SOURCE MATERIAL START
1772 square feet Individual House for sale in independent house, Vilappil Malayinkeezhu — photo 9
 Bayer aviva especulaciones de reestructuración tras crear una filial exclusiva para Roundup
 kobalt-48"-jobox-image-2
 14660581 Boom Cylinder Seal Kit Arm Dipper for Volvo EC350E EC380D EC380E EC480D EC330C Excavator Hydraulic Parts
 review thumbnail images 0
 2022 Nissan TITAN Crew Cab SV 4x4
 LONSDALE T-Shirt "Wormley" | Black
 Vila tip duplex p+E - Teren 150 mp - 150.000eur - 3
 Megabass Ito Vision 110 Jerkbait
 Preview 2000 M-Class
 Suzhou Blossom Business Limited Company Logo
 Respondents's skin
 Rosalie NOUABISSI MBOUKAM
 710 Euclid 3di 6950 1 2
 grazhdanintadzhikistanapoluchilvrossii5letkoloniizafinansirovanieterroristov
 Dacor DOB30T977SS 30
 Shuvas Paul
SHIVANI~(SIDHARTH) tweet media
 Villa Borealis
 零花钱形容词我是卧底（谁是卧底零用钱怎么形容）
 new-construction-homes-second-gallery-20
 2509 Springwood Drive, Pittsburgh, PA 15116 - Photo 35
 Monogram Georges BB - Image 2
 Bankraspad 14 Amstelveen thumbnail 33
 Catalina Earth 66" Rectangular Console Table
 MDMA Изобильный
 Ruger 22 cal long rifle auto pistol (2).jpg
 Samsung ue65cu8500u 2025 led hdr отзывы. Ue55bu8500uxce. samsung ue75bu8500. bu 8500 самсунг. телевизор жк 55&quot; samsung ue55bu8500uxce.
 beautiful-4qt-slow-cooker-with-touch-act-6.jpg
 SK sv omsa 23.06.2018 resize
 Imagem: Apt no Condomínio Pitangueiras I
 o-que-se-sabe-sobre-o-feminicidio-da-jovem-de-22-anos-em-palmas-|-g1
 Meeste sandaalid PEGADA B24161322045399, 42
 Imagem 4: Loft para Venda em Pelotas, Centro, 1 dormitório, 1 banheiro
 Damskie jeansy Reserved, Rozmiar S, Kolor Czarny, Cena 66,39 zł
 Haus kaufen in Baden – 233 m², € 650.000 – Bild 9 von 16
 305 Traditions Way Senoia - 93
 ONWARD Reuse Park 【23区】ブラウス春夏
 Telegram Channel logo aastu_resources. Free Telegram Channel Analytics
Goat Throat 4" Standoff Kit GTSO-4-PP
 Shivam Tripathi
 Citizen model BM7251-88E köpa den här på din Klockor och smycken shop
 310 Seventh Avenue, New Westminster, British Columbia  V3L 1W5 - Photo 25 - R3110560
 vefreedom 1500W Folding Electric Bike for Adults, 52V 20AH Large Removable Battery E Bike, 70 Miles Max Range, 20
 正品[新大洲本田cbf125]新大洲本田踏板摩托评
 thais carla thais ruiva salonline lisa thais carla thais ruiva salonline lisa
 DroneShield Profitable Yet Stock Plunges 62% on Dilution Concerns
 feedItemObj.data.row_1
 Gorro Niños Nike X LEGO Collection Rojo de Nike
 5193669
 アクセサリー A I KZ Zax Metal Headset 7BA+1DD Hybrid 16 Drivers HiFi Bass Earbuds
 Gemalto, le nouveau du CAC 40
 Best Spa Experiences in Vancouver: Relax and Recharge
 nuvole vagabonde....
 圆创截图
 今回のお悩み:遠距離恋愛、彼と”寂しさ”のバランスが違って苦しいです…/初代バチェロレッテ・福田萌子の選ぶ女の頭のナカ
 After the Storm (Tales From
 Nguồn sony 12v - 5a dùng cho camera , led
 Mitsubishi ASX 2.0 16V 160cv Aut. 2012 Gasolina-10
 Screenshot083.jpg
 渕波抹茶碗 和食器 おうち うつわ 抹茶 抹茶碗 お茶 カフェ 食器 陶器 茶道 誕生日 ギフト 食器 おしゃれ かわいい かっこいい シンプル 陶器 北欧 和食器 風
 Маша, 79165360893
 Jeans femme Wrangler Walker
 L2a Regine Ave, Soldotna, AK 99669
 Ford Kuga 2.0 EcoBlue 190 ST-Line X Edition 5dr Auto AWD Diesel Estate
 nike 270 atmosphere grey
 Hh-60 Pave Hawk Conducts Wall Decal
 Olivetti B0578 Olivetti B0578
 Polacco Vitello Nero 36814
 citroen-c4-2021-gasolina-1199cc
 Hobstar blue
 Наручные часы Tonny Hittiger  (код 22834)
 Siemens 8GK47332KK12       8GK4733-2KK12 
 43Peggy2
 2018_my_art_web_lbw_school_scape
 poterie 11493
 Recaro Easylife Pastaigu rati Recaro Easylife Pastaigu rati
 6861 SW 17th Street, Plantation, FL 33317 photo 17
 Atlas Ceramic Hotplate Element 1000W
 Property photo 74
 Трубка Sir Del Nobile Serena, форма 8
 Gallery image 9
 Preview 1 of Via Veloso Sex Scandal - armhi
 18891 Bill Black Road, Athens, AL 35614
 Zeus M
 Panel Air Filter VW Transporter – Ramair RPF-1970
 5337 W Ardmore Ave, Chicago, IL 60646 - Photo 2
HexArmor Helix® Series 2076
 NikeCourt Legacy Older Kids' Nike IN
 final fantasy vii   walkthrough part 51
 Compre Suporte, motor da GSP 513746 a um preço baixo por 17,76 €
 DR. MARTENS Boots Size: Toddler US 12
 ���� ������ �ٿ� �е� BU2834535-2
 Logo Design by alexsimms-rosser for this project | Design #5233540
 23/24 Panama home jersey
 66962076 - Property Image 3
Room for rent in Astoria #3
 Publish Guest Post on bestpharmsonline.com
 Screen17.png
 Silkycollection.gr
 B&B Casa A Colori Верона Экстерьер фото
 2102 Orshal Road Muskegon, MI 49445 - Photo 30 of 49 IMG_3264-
SOURCE MATERIAL END
**WHAT THE TASK ASKS**
Going down the listing above, begin printing at the line with "今回のお悩み:遠距離恋愛、彼" and finish with the line with "Маша, 79165360893", exactly as they appear.

**RESPONSE TO THE TASK**
 今回のお悩み:遠距離恋愛、彼と”寂しさ”のバランスが違って苦しいです…/初代バチェロレッテ・福田萌子の選ぶ女の頭のナカ
 After the Storm (Tales From
 Nguồn sony 12v - 5a dùng cho camera , led
 Mitsubishi ASX 2.0 16V 160cv Aut. 2012 Gasolina-10
 Screenshot083.jpg
 渕波抹茶碗 和食器 おうち うつわ 抹茶 抹茶碗 お茶 カフェ 食器 陶器 茶道 誕生日 ギフト 食器 おしゃれ かわいい かっこいい シンプル 陶器 北欧 和食器 風
 Маша, 79165360893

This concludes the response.